It also was a reminder of Maddon’s aggressive, often fearless, style of managing.

“I felt really strongly about Stropy right there,” Maddon said of the eighth-inning decision to pitch to one of the most dangerous hitters in the league. “And he got a pitch in the wrong spot and the guy’s a good hitter.”

With the Cubs leading 2-1, Segura was on third after a one-out double and a groundout that sent him another 90 feet.

Maddon had right-hander Cahill and lefty Travis Wood warmed up in the bullpen, which appeared to set the stage for a walk to Goldschmidt and lefty-vs.-lefty matchup against David Peralta, who hits nearly 100 points worse in his career vs. lefties than righties (.228-.324; .608 OPS vs. .913).

The difference was similar last year. And even Peralta’s 8-for-17 start to the season was heavy on damage against right-handers.

“Right there we were not trying to throw that pitch on that count,” said Maddon of the fastball that was supposed to be farther down and away to the right-handed Goldschmidt. “We had a different strategy set up and it didn’t play out. That’s the way it happens sometimes. Easily could have struck him out, hit a ground ball to somebody, popped him up. The guy on deck’s a pretty good hitter, too.”

Goldschmidt, who drove in the Diamondbacks’ first run with one-out single up the middle in the sixth, off Jason Hammel, struck out looking against Strop in the eighth inning of Thursday’s 14-6 Cubs’ win.

“Stropy’s pretty good,” Maddon said. “He made him look pretty bad [Thursday]. I kind of like the matchup with the breaking ball.

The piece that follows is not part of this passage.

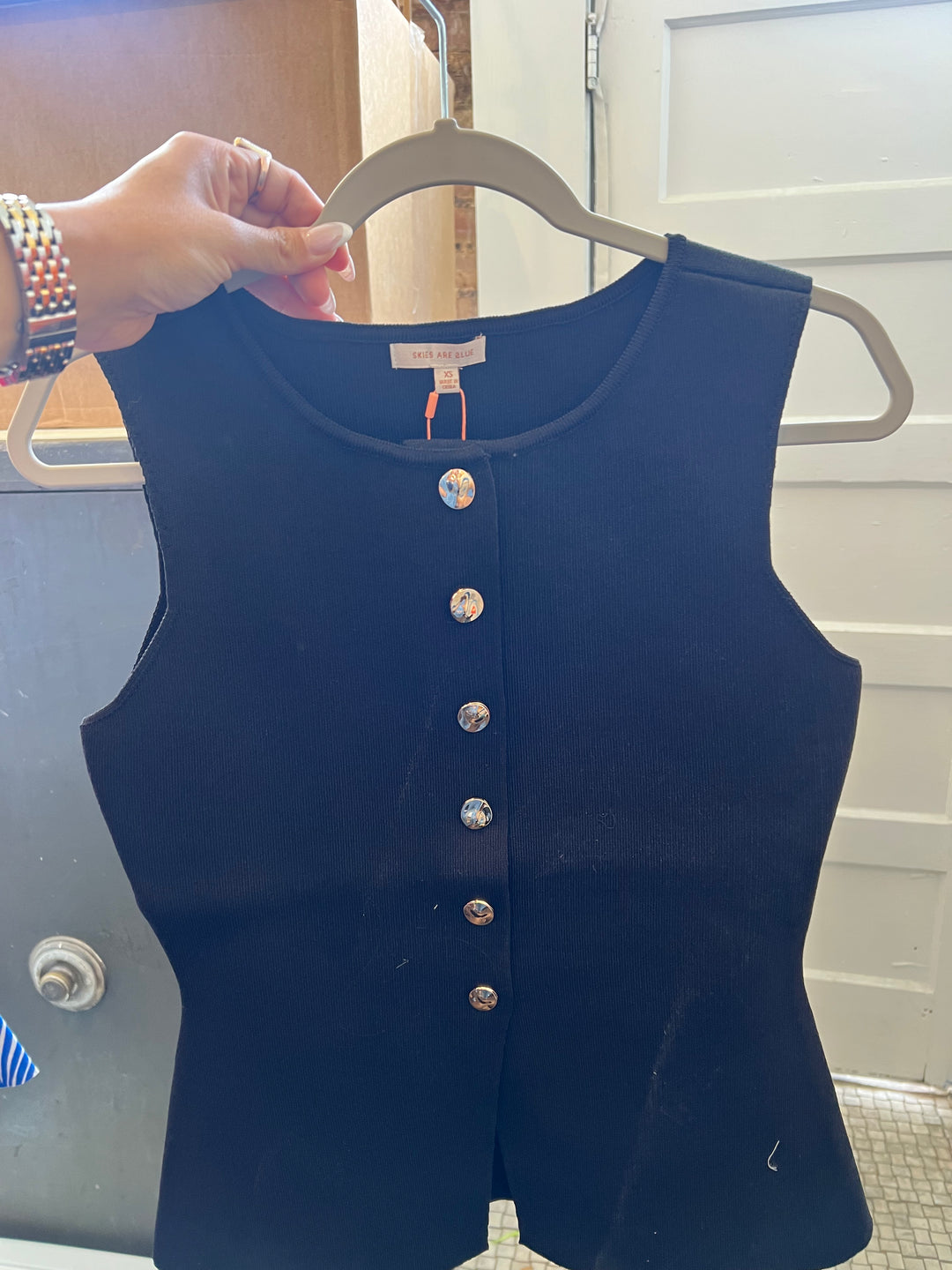Business Women Button Down Top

We just didn’t get to it. And he got a hit.”

Of course, if the Cubs scored more than two runs – which both came during a four-walk third, without benefit of a hit – the pitch-by-pitch drama might not have been in play.

Or, for that matter, if Segura hadn’t suddenly turned into Hank Aaron against the Cubs this week – with two homers Thursday and a pair of doubles off various walls Friday. Or if second baseman Ben Zobrist knocked down Segura’s low line shot three inches to his right in the sixth that went for a single (and led to a run).

“Seriously, I’m good with everything,” said Maddon, who liked the overall hitting approaches again and the mostly sharp defensive game. “You’re not going to get it done every night.

“You can’t be an oil painting every night.”

Then again, sometimes all you need is to paint by numbers.

“That’s not my call,” catcher David Ross said of the decision to pitch to Goldschmidt. “If I’ve got the chance to get the guy out, I always try to get him out. That’s baseball. I know he’s a good player. So’s the guy behind him. The guy behind him’s been hotter than he has.

“Stropy threw the ball good. I probably should have called a slider there maybe. Who knows? I’m second-guessing it now, obviously.”